# Waterslide decal insight wanted



## SYLV9ST9R (Jun 15, 2020)

Hi all,
As my first post, I have an inkjet waterslide decal-related questions for you guys.
I've got my first builds lined up (Plecostomus, Chop Shop, Catalyst, Informant, Pro-Filter, Simulcast and Unicab), as I'm still waiting for my iron who's in the postal system somewhere, but I've started to apply waterslide decals to my enclosures to pass the time.

I've gone through a couple of sheets ironing my kinks and getting better, but still have some issues.

As you can see, there are a lot of microbubbles that appeared while drying (some due to the irregular surface in the paint I think), even though I was very careful and it looked pretty fine when I applied the decal.

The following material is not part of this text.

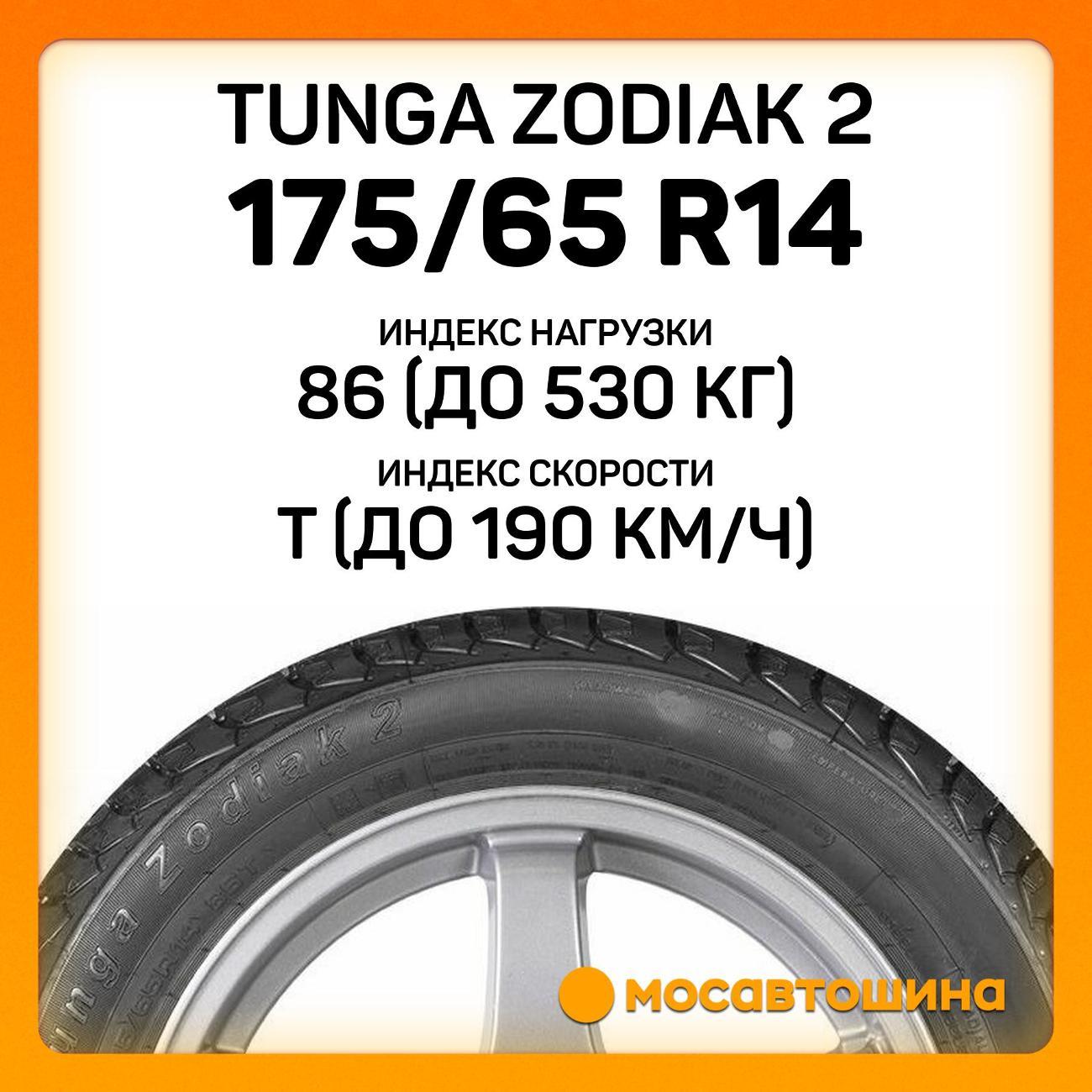 Шина автомобильная Tunga Zodiak 2 175/65 R14 86T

So here are my questions if you have any hindsight:
- Is there something I should do prior to applying the decal?
- Would a solution (i.e. Micro-Sol or Solvaset) help removing those bubbles?

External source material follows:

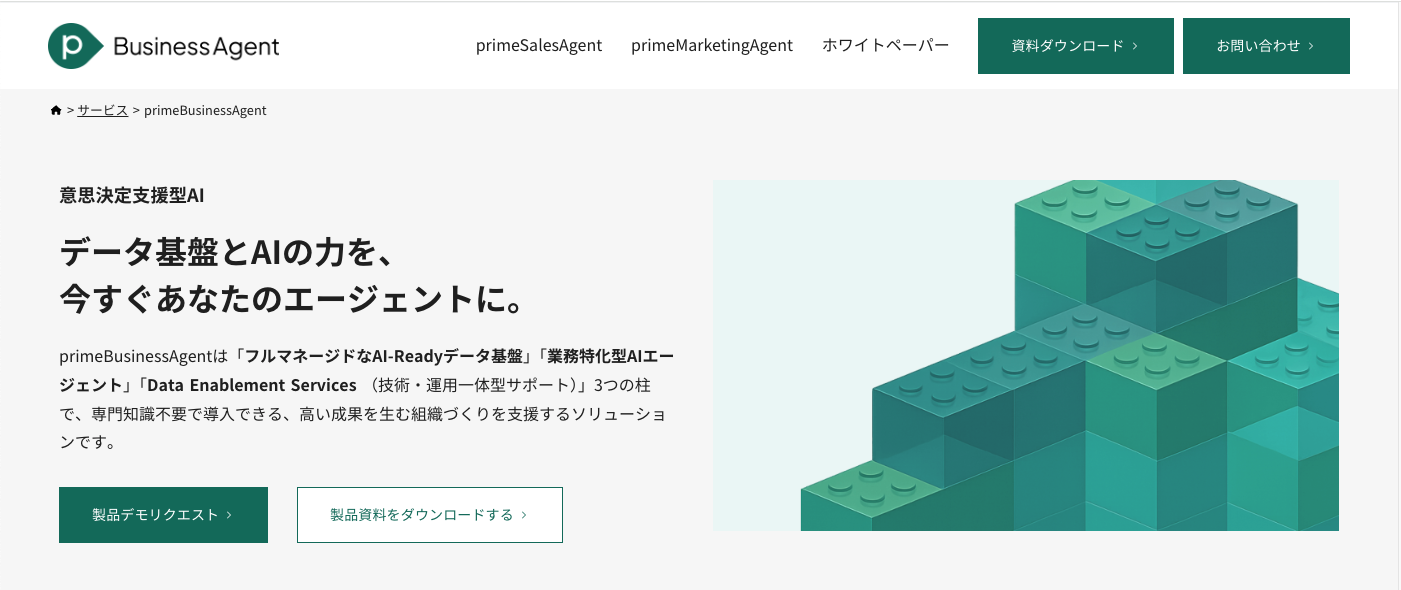 出典：primeBusinessAgent 公式サイト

I had better luck with this one on which I applied a light clear coat before applying the decal (as the paint was really orange-peely). Would that be the way to go?

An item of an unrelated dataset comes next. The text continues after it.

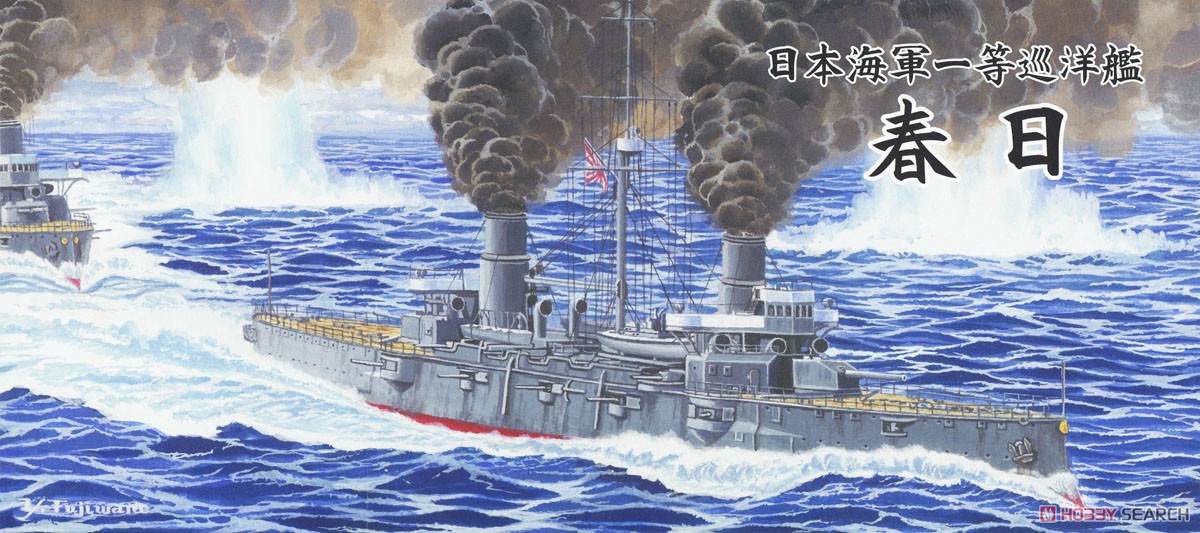 日本海軍 一等巡洋艦 春日 (プラモデル) パッケージ2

Thanks for any help, can't wait to share my builds, as this forum has already been a great resource!


----------



## twebb6778 (Jun 15, 2020)

I've found that there's always a few bubbles under my decals, no matter how hard I try to apply them carefully and squeeze them out.

However, after a few clear coats the bubbles are basically invisible, so I've stopped fretting over them so much. Just make sure you've cleaned the surface and wiped with a lint-free cloth before applying.


----------



## Barry (Jun 15, 2020)

I use a lint free cloth and alcohol to clean mine, I don't do textured surfaces with water slides, the smoother the surface the better, there are applications you can get that "burn them in", I've never tried any of them though


----------



## Gordo (Jun 16, 2020)

Couple of ideas.  What twebb6778 said works well, the clearcoat tends to melt the decal around bumps so that helps.  I've also used Micro-sol to help.  Ideally you want as flat a surface as possible but I've even had decent luck on textured surfaces.  How many coats are you spraying on the decal before it's applied?

Not sure if you're doing this but I use a drop of dish soap in the water the decal sits in and I also use that soapy water on the face of the enclosure prior to applying the decal.  The soap breaks the surface tension and makes it easier to position the decal but also aids in releasing the bubble pockets.  Once I have the decal placed where I want it I GENTLY work out as much water as possible with the rounded front edge of an old credit card.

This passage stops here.